Problems with this approach:

  1. Customer waits 2+ seconds for all downstream operations
  2. If email service is down, the entire order fails
  3. Adding a new integration means modifying the order handler
  4. Testing requires mocking 7 external services
  5. One slow service slows down everything

Why this costs you: One client had synchronous order processing with 8 downstream integrations. When their CRM provider had a 90-second timeout issue, every order took 90+ seconds to complete. Checkout abandonment spiked from 68% to 89% during the 45-minute incident. Orders lost: 680. Revenue impact: $67K. The CRM sync wasn't even customer-facing — it was internal analytics that could have been async.

The Event-Driven Version

// The order handler does ONE thing: create the order and emit an event
async function placeOrder(orderData: OrderInput) {
  const order = await createOrder(orderData);
  await chargePayment(order);
  
  // Emit the event — everything else happens asynchronously
  await eventBus.emit("order.placed", {
    orderId: order.id,
    customerId: order.customerId,
    total: order.total,
    items: order.items,
  });
 
  return order; // Total: ~850ms
}
 
// Separate handlers that react to the event
eventBus.on("order.placed", sendConfirmationEmail);
eventBus.on("order.placed", updateInventory);
eventBus.on("order.placed", notifyWarehouse);
eventBus.on("order.placed", updateAnalytics);
eventBus.on("order.placed", syncToCRM);
eventBus.on("order.placed", triggerLoyaltyPoints);

What changed:

  1. Customer waits < 1 second (only payment + order creation)
  2. If email is down, the order still succeeds — email retries later
  3. Adding a new integration = adding a new handler (no changes to order code)
  4. Each handler is testable in isolation
  5. Slow services don't block the critical path

The impact:

  • Order completion time: 2,100ms → 850ms (60% faster)
  • Checkout conversion improvement: 3-5% (every 100ms matters)
  • For a $3M/month business: $90K-150K annual revenue from faster checkout
  • Service failures no longer cascade: email down ≠ orders down
  • New integration time: 2 days → 4 hours (no coordination needed)

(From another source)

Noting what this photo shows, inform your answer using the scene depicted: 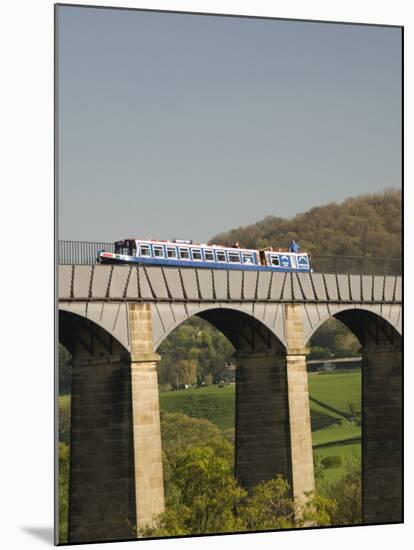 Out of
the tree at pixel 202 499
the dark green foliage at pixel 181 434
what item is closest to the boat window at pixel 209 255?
the tree at pixel 202 499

Choosing Your Event Infrastructure

You don't need Kafka. Seriously. Here's the decision tree:

Option 1: Database-Backed Queue (Simplest)

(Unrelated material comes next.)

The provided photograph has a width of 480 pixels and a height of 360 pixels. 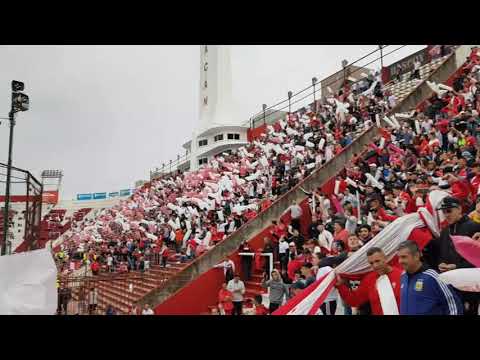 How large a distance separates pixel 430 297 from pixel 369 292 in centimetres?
78

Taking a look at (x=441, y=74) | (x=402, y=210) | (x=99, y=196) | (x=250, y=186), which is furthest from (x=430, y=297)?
(x=99, y=196)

Best for: Teams of 1-5, < 1000 events/minute

CREATE TABLE events (
  id UUID PRIMARY KEY DEFAULT gen_random_uuid(),
  type VARCHAR(255) NOT NULL,
  payload JSONB NOT NULL,
  status VARCHAR(50) DEFAULT 'pending',
  created_at TIMESTAMP DEFAULT NOW(),
  processed_at TIMESTAMP,
  retry_count INT DEFAULT 0,
  error TEXT
);
 
CREATE INDEX idx_events_pending 
  ON events (status, created_at) 
  WHERE status = 'pending';

A cron job or worker process polls for pending events and processes them. Simple, reliable, and you can inspect the queue with a SQL query.

Option 2: Redis + BullMQ (Sweet Spot)

Best for: Teams of 3-15, 1000-50,000 events/minute

import { Queue, Worker } from "bullmq";
 
// Producer
const orderQueue = new Queue("order-events");
 
await orderQueue.add("order.placed", {
  orderId: order.id,
  total: order.total,
}, {
  attempts: 3,
  backoff: { type: "exponential", delay: 1000 },
});
 
// Consumer
const worker = new Worker("order-events", async (job) => {
  switch (job.name) {
    case "order.placed":
      await handleOrderPlaced(job.data);
      break;
  }
}, { concurrency: 10 });

Built-in retries, rate limiting, delayed jobs, and a dashboard (Bull Board). Handles most startup-scale workloads.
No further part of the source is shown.